**TASK DESCRIPTION:** Return the full listing unchanged, excluding any images it contains.

**GIVEN DATA:**
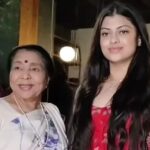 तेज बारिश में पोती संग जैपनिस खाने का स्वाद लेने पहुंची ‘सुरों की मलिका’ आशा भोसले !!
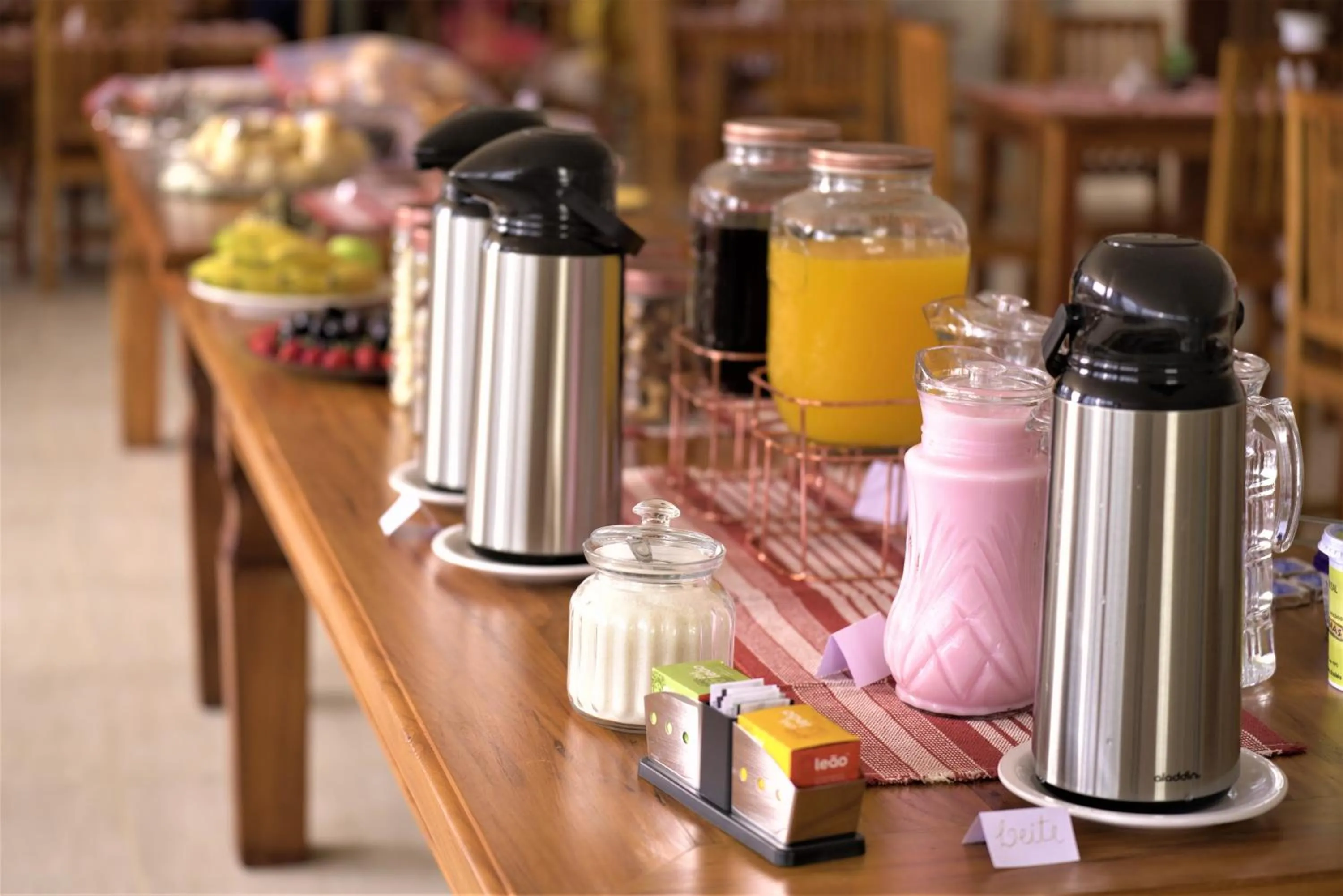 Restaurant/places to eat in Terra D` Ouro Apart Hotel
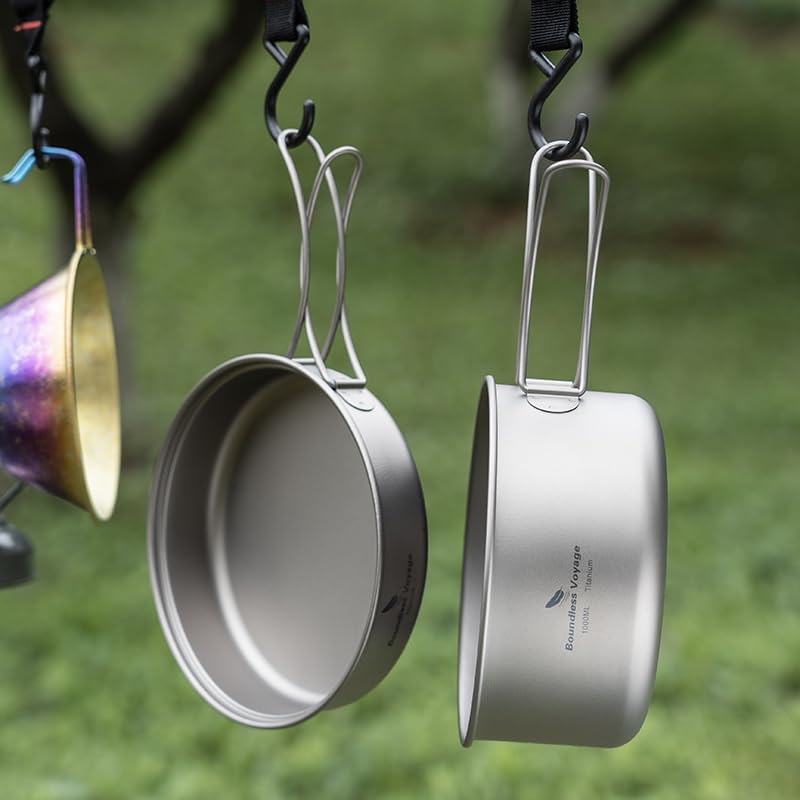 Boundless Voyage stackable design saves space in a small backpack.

**SOLUTION TO THE EXERCISE:**
 तेज बारिश में पोती संग जैपनिस खाने का स्वाद लेने पहुंची ‘सुरों की मलिका’ आशा भोसले !!
 Restaurant/places to eat in Terra D` Ouro Apart Hotel
 Boundless Voyage stackable design saves space in a small backpack.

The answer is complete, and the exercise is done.